Chefs dream up new ice cream creations

Food and beverage company Fraser and Neave (F&N) has teamed up with four prominent local chefs to launch a new ice cream brand called The Inspired Chef.

The chefs - Daniel Tay of Bakerzin, Pang Kok Keong of Antoinette, Janice Wong of 2am: dessertbar and Willin Low from Wild Rocket - have launched an ice cream flavour each, some based on their childhood memories.

The inspiration for chef Low's Double Peanut Fudge, for example, is his favourite childhood snack gong tng or peanut brittle. The 41-year-old chef says: "Gong tng is a familiar snack for many. Also, it adds different textures to the peanut butter ice cream as well."

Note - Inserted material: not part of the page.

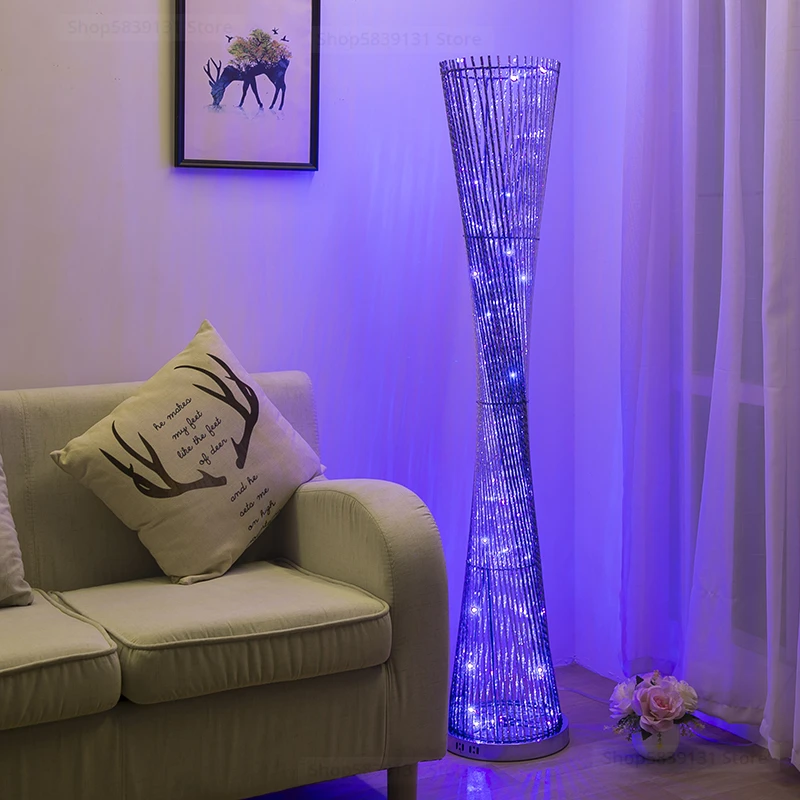 Modern Led Standing Lamp Aluminum Tower Floor Lamps for Living Room Light Stand Foyer Home Decorative Floor Lights AC90-26V Lamp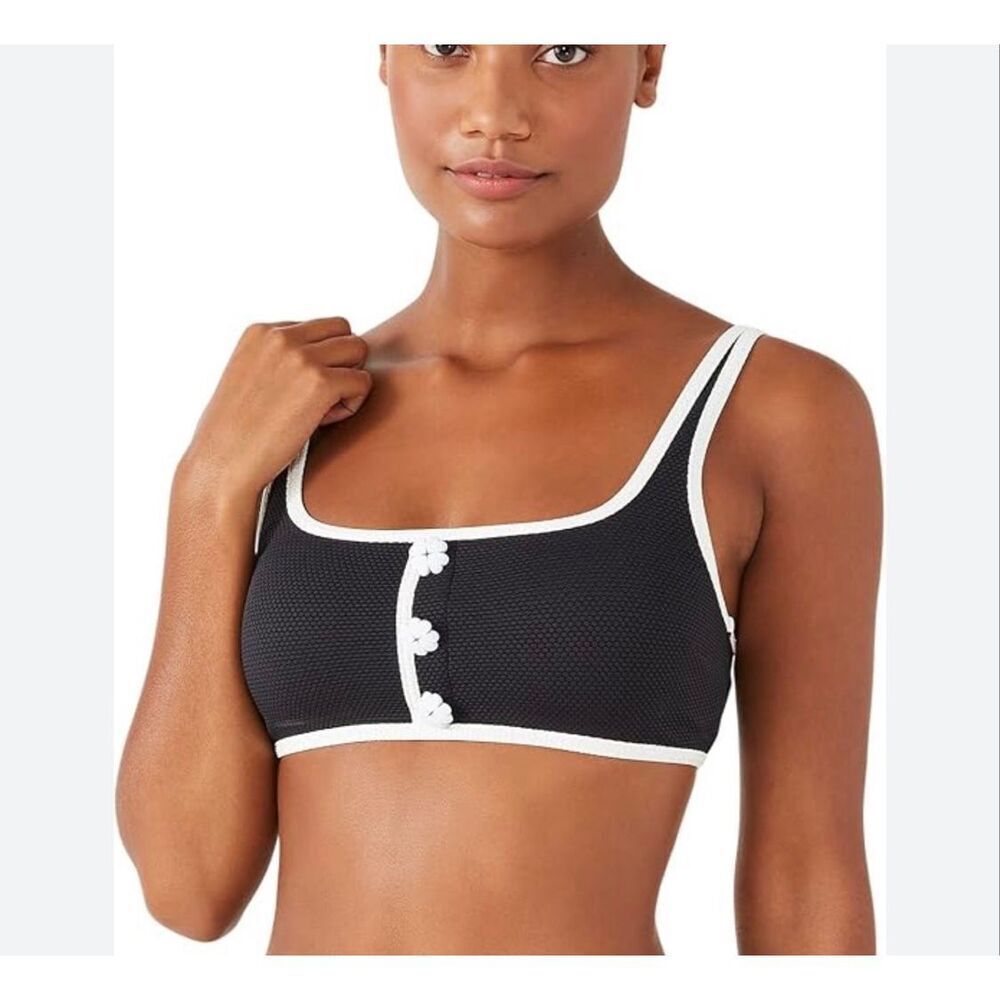 Kate Spade New York Pique Texture Contrast Square Neck Bralette swim top S NWT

On her Popcorn Caramel Avalanche, pastry chef Wong, 30, says: "Popcorn is a flavour very close to me since my childhood. I was always torn between the sweet and salty flavour."

Bakerzin's chef Tay, 42, created Divine Chocolate Tart and it is dedicated to his niece Chloe, after his brother-in-law died suddenly last year. "She likes chocolate ice cream and I created this to make her happy. She hasn't tried it yet but I hope she'll like it," he says.

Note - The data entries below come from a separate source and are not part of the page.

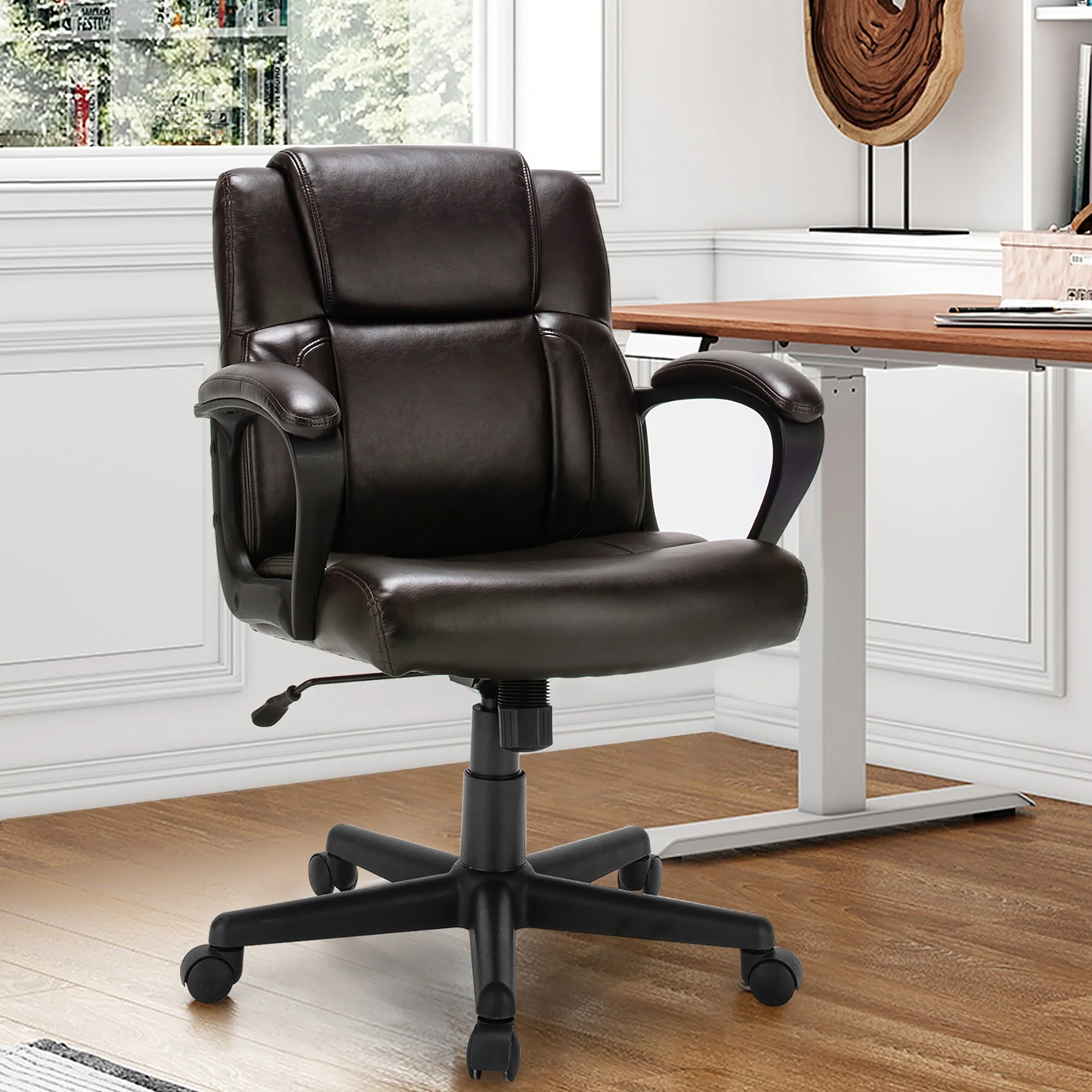 Costway Executive Leather Office Chair Adjustable Computer Desk Chair - See Details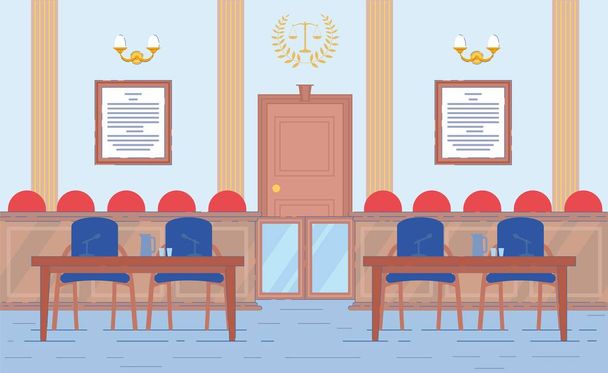 Courthouse Room with Prosecutor and Lawyer Place. - Вектор, зображення
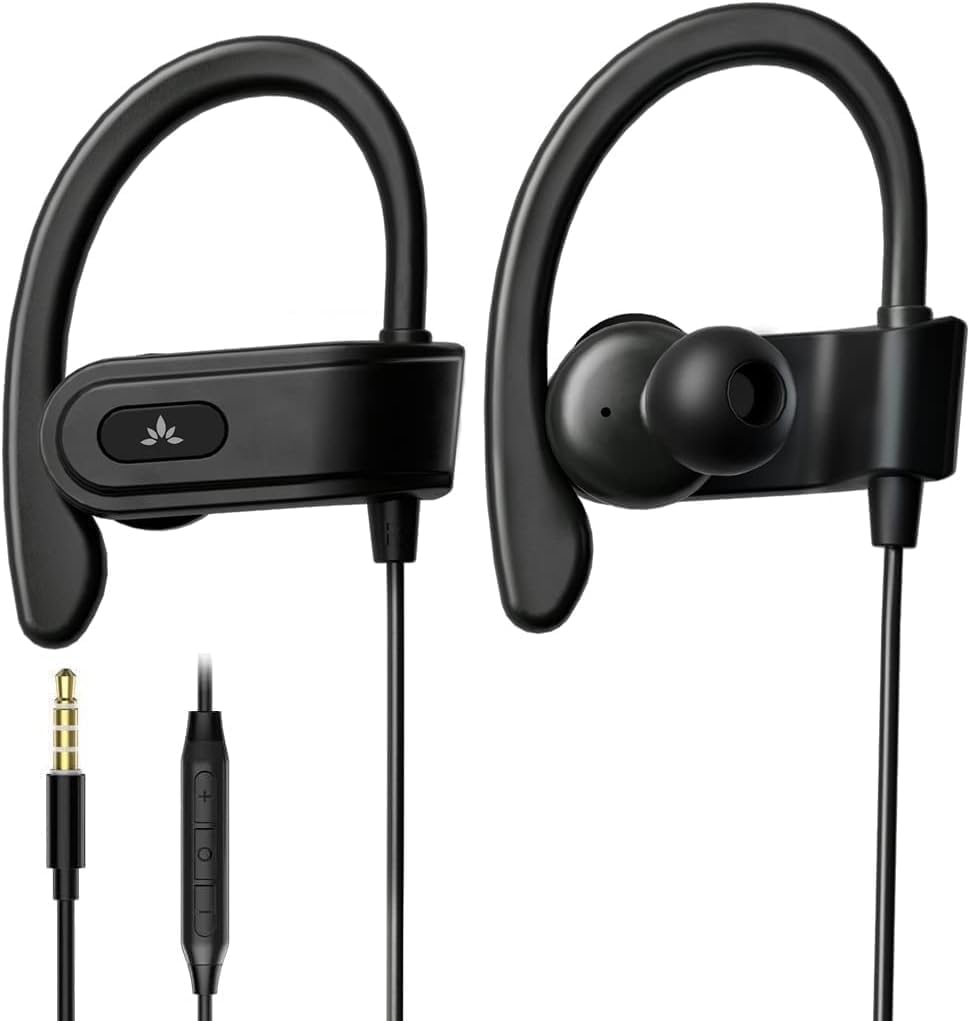 Avantree E171 - AUX 3.5mm Wired Earbuds with Microphone & in-Line Volume Control, Compatible with Traditional 3.5mm AUX Phones - Corded Headphones with Ear Hook for Running & Sports, Black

Emphasising that his Raspberry Cheesecake Rumble creation is "rich", Pang, 38, says: "I grew to love cheesecake during my days at Hilton Singapore, as the hotel is famous for it. So I wanted to create an ice cream that can incorporate the cheesecake."

Customers can order the ice cream online and select a delivery date. A reminder SMS will be sent to inform customers of the delivery timeslot.

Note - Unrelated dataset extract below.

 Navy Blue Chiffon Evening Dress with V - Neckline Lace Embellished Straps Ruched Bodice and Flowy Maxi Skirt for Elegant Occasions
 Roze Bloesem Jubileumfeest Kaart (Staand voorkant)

Each pint of The Inspired Chef costs $14.90 and there is a minimum order of two. There is a one-time delivery charge of $3.50, regardless of the quantity ordered.

The business development manager for F&N Creameries Singapore, Mr Jeffrey Ng, 36, says: "We chose an e-commerce platform because many people find it a hassle to bring ice cream home if they do not have proper transport."

He adds: "This is F&N's entrance into the premium product sector. We have been working on it since early last year - from deciding who to work with and going through more than 300 tests from a consumer panel. We are not competing directly with ice cream in the supermarket as our emphasis is on the chefs' creativity to make the perfect ice cream."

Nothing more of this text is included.